Economic Crisis 101
By Cireal Americanus
After 8 years of non-stop financial partying, the U.S. is now waking up and asking that all too familiar question, “Where am I?” and “How did I get here?”. This was not a party just for the “Elite” of the Finance Industry but for every American. If you got financing of a car, a house, college tuition, or through a credit card/line, thereby living outside your means you too were enjoying this financial free-for-all.
This party would have continued had the Foreign Bond Markets not forced the U.S. Government to stop the music and turn on the lights. This occurred when the Foreign Bond Markets refused to purchase any U.S. Financial Products, i.e. Bonds, Asset-backed Securities, Securitized Assets, etc., because of what the Market has termed a “Crisis of Confidence”.

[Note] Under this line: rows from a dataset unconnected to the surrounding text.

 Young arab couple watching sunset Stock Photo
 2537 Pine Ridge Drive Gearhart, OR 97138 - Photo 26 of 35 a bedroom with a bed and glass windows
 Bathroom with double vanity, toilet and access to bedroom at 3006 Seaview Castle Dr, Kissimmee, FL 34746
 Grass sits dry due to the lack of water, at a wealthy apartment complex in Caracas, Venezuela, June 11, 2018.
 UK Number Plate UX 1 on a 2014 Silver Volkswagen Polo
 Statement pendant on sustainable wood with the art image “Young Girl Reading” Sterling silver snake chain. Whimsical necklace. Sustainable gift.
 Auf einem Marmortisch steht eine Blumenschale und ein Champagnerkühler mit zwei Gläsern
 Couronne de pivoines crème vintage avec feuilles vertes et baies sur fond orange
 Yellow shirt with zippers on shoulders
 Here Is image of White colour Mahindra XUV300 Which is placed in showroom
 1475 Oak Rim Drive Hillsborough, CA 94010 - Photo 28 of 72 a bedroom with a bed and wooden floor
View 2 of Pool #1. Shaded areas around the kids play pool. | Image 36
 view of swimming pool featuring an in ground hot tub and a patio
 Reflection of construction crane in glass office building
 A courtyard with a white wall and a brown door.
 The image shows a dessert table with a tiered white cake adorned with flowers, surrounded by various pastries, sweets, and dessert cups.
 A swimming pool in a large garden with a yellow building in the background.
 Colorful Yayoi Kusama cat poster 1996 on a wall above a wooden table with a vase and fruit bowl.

This all started when various lenders gave Sub-Prime Loans to buyers because of poor credit histories or for amounts far beyond what they were qualified to receive, i.e. High-Risk Mortgage Loans. These Sub-Prime Loans were then bundled together, through a process called Securitization, “Structured” in a way to make them attractive to investors and sold into the Local and Foreign Bond Markets in spite of the High-Risk Sub-Prime Loans they contained. Since there was no “oversight” for Structured Product content and no accountability to the Originating Financial Institution beyond the sale of the product, Banks played a proverbial financial “hot potato” with loan packages; buying for profit and quickly selling them to eliminate liability before these loans started to default.
These Bonds were backed with a psuedo-insurance policy called a “Credit Default Swaps (CDS)” which guaranteed the value of the bonds and reimburse any loss to the buyer/investor. Since these CDS’ generate a consistent revenue stream they are attractive to buyers in the same Markets as the structured assets they cover thus adding another variable to the ever increasing complexity of this problem.
Given the loss of jobs to foreign competition, corporate downsizing, and a weakened dollar many of these High-Risk Sub-Prime Loans are in/going into default thus causing their value to significantly decrease. This decrease is causing the Financial Institutions and investors to exercise their CDS’ to protect against their losses. Given that CDS Market is a $62 Trillion Dollar unregulated Market, you have many companies unable to fulfill their financial commitments thus being forced to close their doors or succumb to a buy-out from a larger company, e.g. Merrill Lynch, AIG, Lehman’s, Wachovia, etc. This has caused many Foreign Investors and Financial Institutions to refuse to purchase any Financial Products from the U.S. for fear that these products will prove to be a worthless investment when these Structured Assets are properly valued to the Market.
This is why the $840 Billion Dollar bail-out was needed. The bail-out is focused at buying many of these bad loans in the Market to allow financial institutions the opportunity to get this bad debt off their books and focus on developing means to strengthen their existing assets
Given this financial crisis, the average American is left with a few options:
- Don’t panic – resist the urge to make rash moves or react to hear say.
- Educate yourself – become aware of the activity in the financial market place and its trends.
- Develop a global investment mind-set – look for companies that have a solid presence in the Global market place vs. solid U.S. presence.
- Live within your means – avoid taking on any additional credit obligations and work to eliminate the ones you have.
- Seek expert advice – align yourself with a certified financial planner and/or accountant, Tax Attorney, etc.
Given the complexity of this crisis, a bit of prayer and vigilance seem to be the truest answer to this Economic Crisis.